In [0]:
# Use Unity Catalog path
ball_df = spark.read.csv("/Volumes/ipl/default/ipl/Ball_By_Ball.csv", header=True, inferSchema=True)
match_df = spark.read.csv("/Volumes/ipl/default/ipl/Match.csv", header=True, inferSchema=True)
player_df = spark.read.csv("/Volumes/ipl/default/ipl/Player.csv", header=True, inferSchema=True)
player_match_df = spark.read.csv("/Volumes/ipl/default/ipl/Player_match.csv", header=True, inferSchema=True)
team_df = spark.read.csv("/Volumes/ipl/default/ipl/Team.csv", header=True, inferSchema=True)

display(ball_df)
display(match_df)
display(player_df)



In [0]:
# Example: Clean Match data
match_df = match_df.dropna().dropDuplicates()

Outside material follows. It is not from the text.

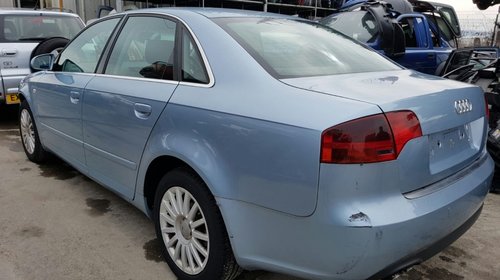 Dezmembrez Audi A4 B7 2006 2.0tdi BLB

print("Number of matches:", match_df.count())
print("Schema of Ball Data:")
ball_df.printSchema()


In [0]:
# Clean column names
ball_df = ball_df.toDF(*[c.strip().lower() for c in ball_df.columns])
match_df = match_df.toDF(*[c.strip().lower() for c in match_df.columns])
player_df = player_df.toDF(*[c.strip().lower() for c in player_df.columns])

# Join Ball data with Match info
ball_match_df = ball_df.join(match_df, ball_df["match_id"] == match_df["match_id"], "inner")

# Join Player info (ball_df.striker → player_df.player_id)
ball_match_player_df = ball_match_df.join(
    player_df,
    ball_match_df["striker"] == player_df["player_id"],
    "left"
)

display(ball_match_player_df)



In [0]:
from pyspark.sql.functions import sum as _sum

top_batsmen = (
    ball_match_player_df.groupBy("player_name")
    .agg(_sum("runs_scored").alias("total_runs"))
    .orderBy("total_runs", ascending=False)
)

display(top_batsmen.limit(10))



In [0]:
from pyspark.sql.functions import col

# Filter out balls where out_type is not null (i.e., a wicket fell)
wickets = ball_match_player_df.filter(col("out_type").isNotNull())

# Count wickets per bowler (column is usually 'bowler')
top_bowlers = (
    wickets.groupBy("bowler")
    .count()
    .withColumnRenamed("count", "wickets")
    .orderBy("wickets", ascending=False)
)

display(top_bowlers.limit(10))


In [0]:
team_wins = match_df.groupBy("Match_Winner") \
    .count() \
    .withColumnRenamed("count", "Total_Wins") \
    .orderBy("Total_Wins", ascending=False)

display(team_wins)


In [0]:
mom = (
    match_df.groupBy("manofmach")
    .count()
    .withColumnRenamed("count", "awards")
    .orderBy("awards", ascending=False)
)

display(mom.limit(10))



In [0]:
from pyspark.sql.functions import col

toss = (
    match_df.groupBy("toss_name", "match_winner")
    .count()
    .orderBy("count", ascending=False)
)

display(toss)


In [0]:
import matplotlib.pyplot as plt

# Convert to Pandas (top 10 for plotting)
top10_pd = top_batsmen.limit(10).toPandas()

plt.figure(figsize=(12,6))
plt.bar(top10_pd['player_name'], top10_pd['total_runs'], color='skyblue')
plt.xlabel('Player Name')
plt.ylabel('Total Runs')
plt.title('Top 10 Batsmen by Total Runs')
plt.xticks(rotation=45)
plt.show()


In [0]:
top5_pd = top_batsmen.limit(5).toPandas()

plt.figure(figsize=(8,8))
plt.pie(top5_pd['total_runs'], labels=top5_pd['player_name'], autopct='%1.1f%%', startangle=140)
plt.title('Top 5 Batsmen Contribution')
plt.show()